■ PROMPT ■
The copy must run from the line containing "Tesla OEM 32861059337-00-B" through the final line of the records, both included, exactly as written. It should contain no pictures.

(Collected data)
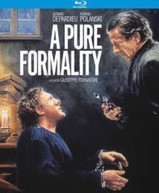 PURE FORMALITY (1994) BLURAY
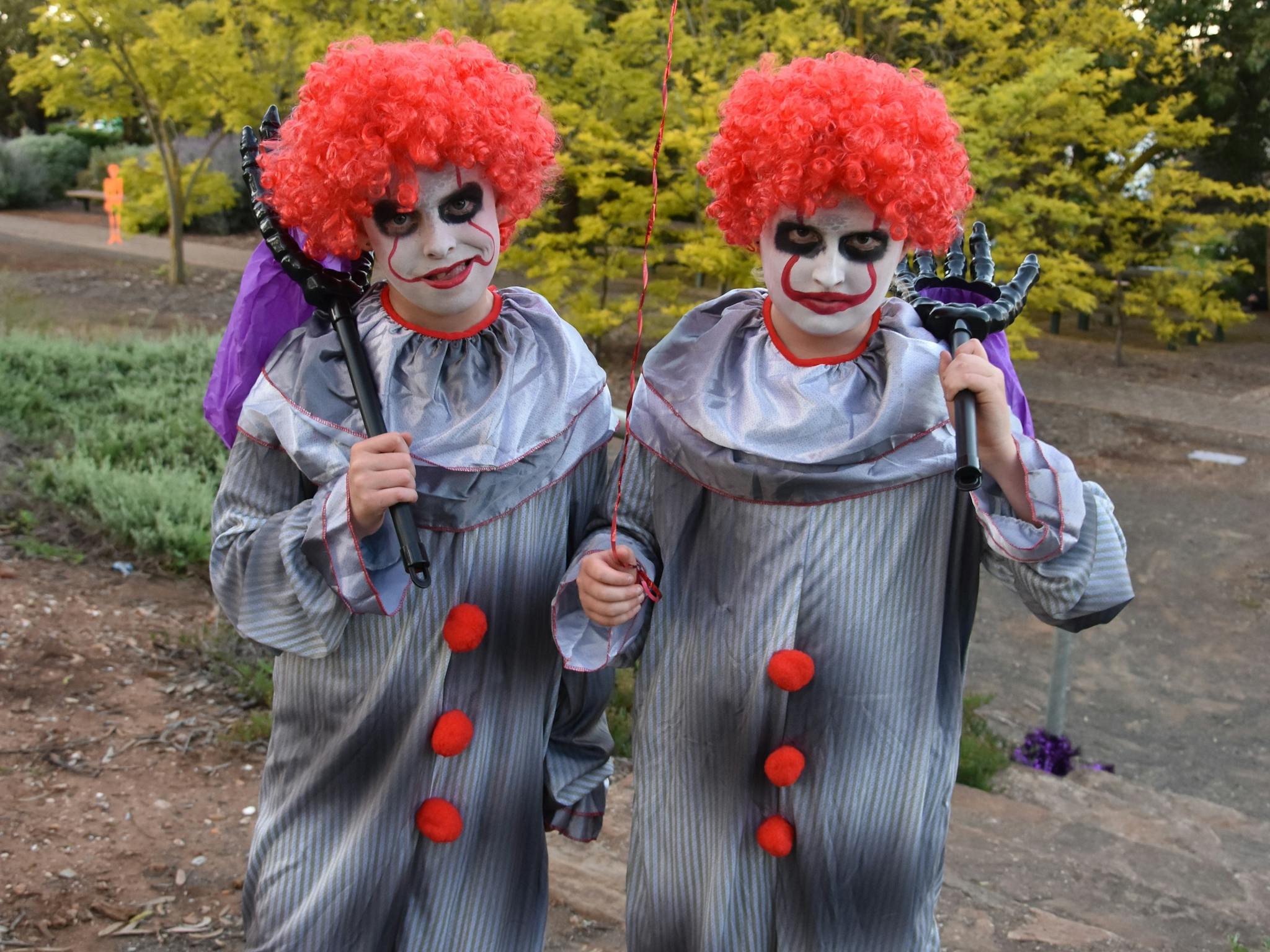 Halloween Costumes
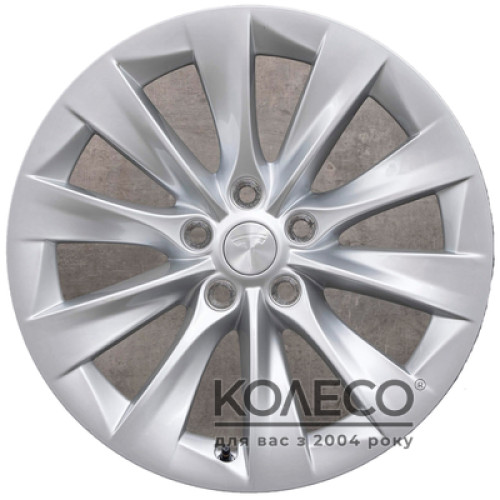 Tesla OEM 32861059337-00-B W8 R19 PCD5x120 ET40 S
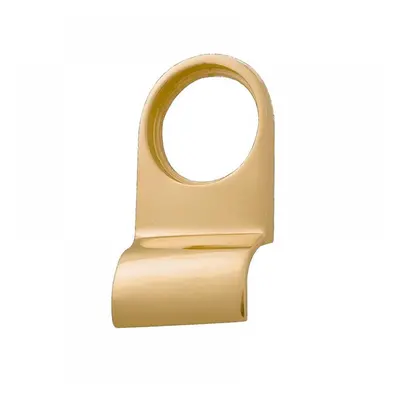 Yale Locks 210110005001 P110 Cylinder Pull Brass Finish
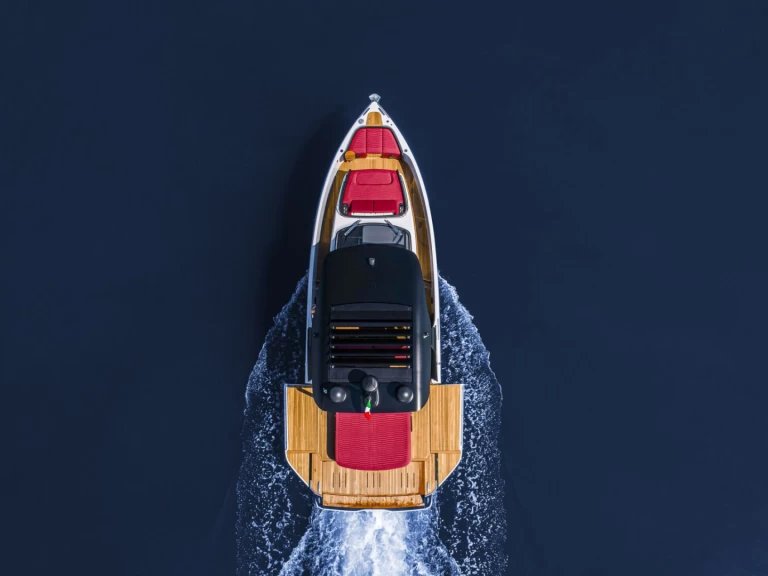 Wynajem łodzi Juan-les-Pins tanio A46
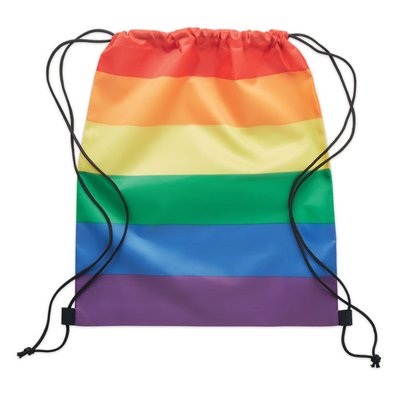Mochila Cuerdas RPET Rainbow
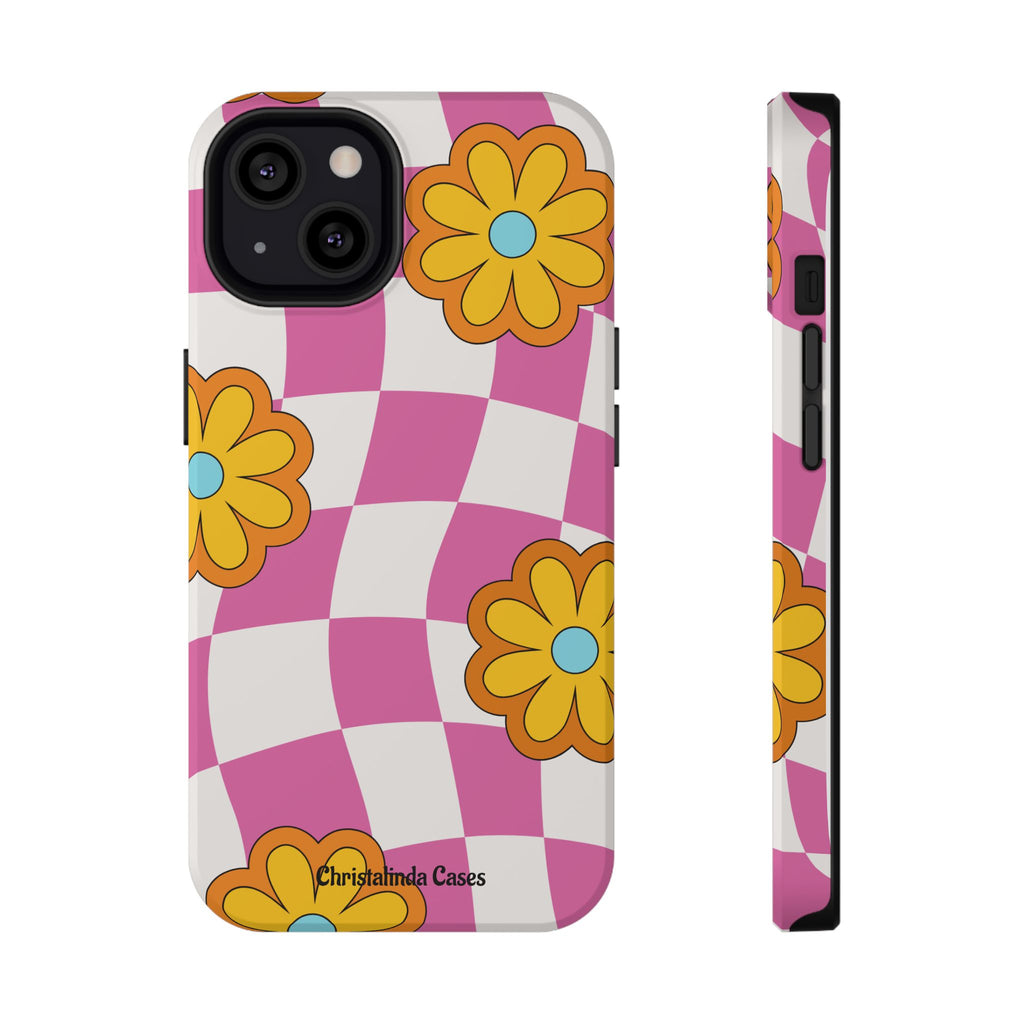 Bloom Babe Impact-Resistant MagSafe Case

■ EXPECTED OUTPUT ■
 Tesla OEM 32861059337-00-B W8 R19 PCD5x120 ET40 S
 Yale Locks 210110005001 P110 Cylinder Pull Brass Finish
 Wynajem łodzi Juan-les-Pins tanio A46
Mochila Cuerdas RPET Rainbow
 Bloom Babe Impact-Resistant MagSafe Case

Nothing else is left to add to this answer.